At UFC 150 on Saturday, former lightweight champ Frankie Edgar gets another crack at Benson Henderson, only this time around Henderson is wearing the belt that Edgar wore when they first met.  Can Edgar reclaim what was once his?  Or has his day passed and the era of "Smooth" is truly upon us?  Though predictions may vary on whether the "Answer" can defeat Henderson, one thing is certain: for the wars he's waged in the cage, sometimes dangling precariously over the edge of the abyss of defeat before finding the impossible win, he has thrilled us more than most fighters ever will.  Win, lose or draw on Saturday, Edgar has made his mark on the sport. 

Consider this about man from Toms River, N.J.:

  • When he first appeared in the UFC, it was for a fight that many others had turned down.  Tyson Griffin was the opponent, and at the time (UFC 67), the word on the street was that Griffin was some sort of undefeated, unbeatable monster.  Edgar smoked him, and earned a Fight of the Night bonus in the process.

 

  • When Edgar challenged B.J. Penn for the 155-pound belt, Penn was considered to be at the height of his dominance in the weight class.  The former welterweight champ hadn't simply beaten all comers at 155 (since his loss to Jen Pulver years before), he'd destroyed them.  In his rematch with "Lil' Evil", Penn treated him like a petulant jiu-jitsu white belt.  In his fight against Joe Stevenson, he made the TUF winner into a bloody mess.  He left Sean Sherk dazed on the canvas, had Kenny Florian tapping for mercy, and turned Diego Sanchez into an extra from "Dawn of the Dead".  And then came Edgar, who out-hustled Penn for five rounds to take the decision.  Was it a fluke?  Obviously not, because in the immediate rematch, Edgar did it all over again, only this time he was totally and completely dominant.

 

  • There have only been a handful of champs in the lightweight division, with Penn's reign lasting the longest at 812 days.  But having held the belt for 687 days, Edgar comes in at second, surpassing former title holders Sherk and Pulver (and current champ Henderson). 

 

Flat facts and numbers and aside, there's something else to what Edgar has done in terms of leaving his mark.  Where some fighters have made themselves memorable by dominant performances and finishes by knockout and submission, Edgar has been the one to come perilously close to getting TKO'd (by Maynard) or having a limb broken (by Griffin), only to rally back and win.  The Answer has thrilled us — not just once, but many times.  And in ten, maybe twenty years, when we tell our kids about how the UFC was "back in the day", the clips we'll show them will undoubtedly contain a few instances of Edgar on the verge of going to sleep, yet finding some way to survive and thrive.

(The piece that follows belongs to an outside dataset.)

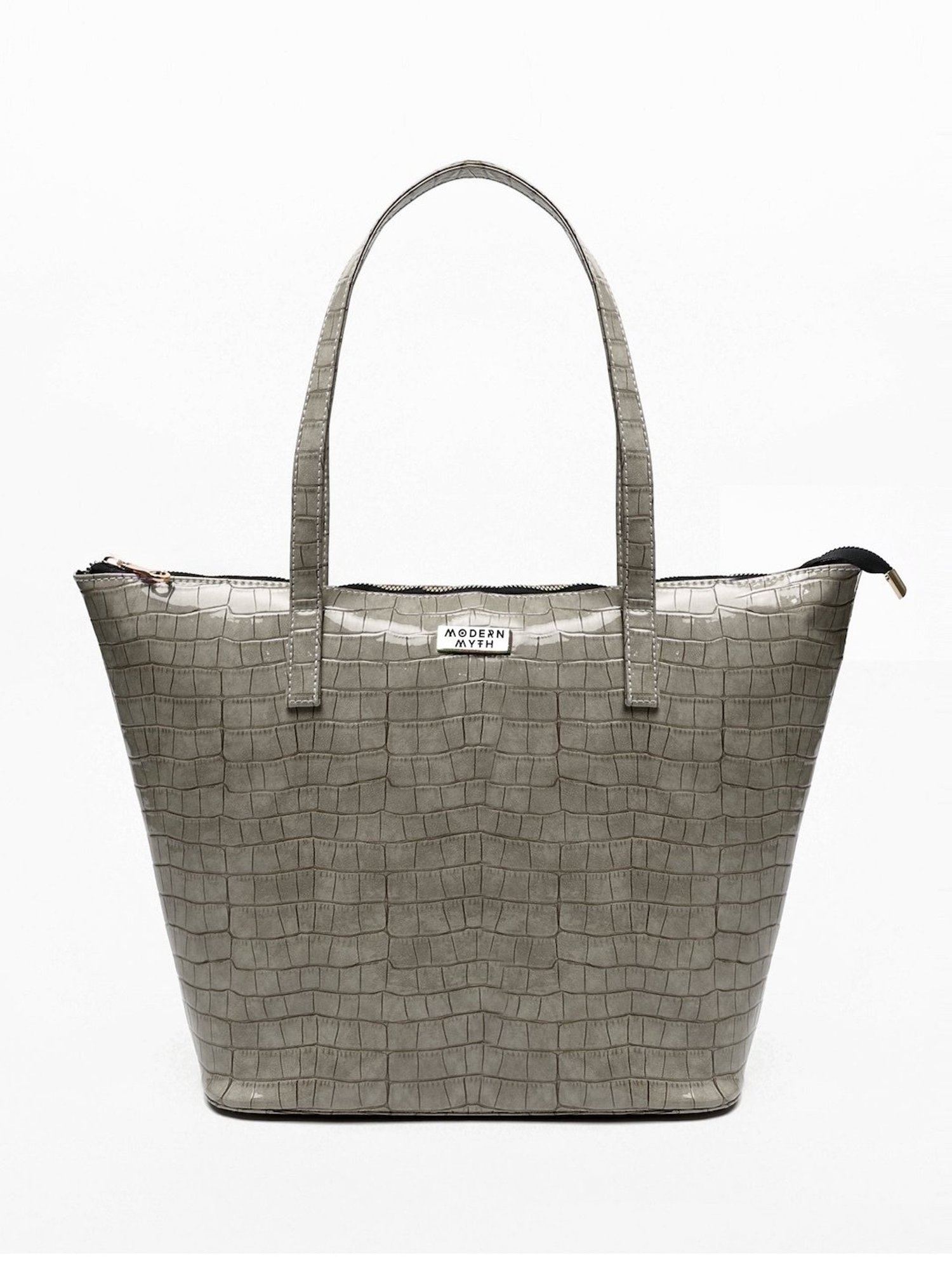 Modern Myth Epic Grey Textured Large Tote Bag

Duane Finley over at Bleacher Report put it nicely with this bit here:

Over the past two years Edgar has built his reputation on resilience and resolve.  The former champion displayed tremendous heart and perseverance in both of last year's fights with Maynard and then again after being rocked by Henderson in the third round of their first matchup in February.

It has been on the strength of these types of performances where Edgar has laid the foundation to his legacy and nothing has meant more to him than being a champion.

 

Who will come away with the belt when the main event at UFC 150 is over?  I don't know for sure, but what I do know is that, when it comes to the history books, Frankie Edgar has already made his mark.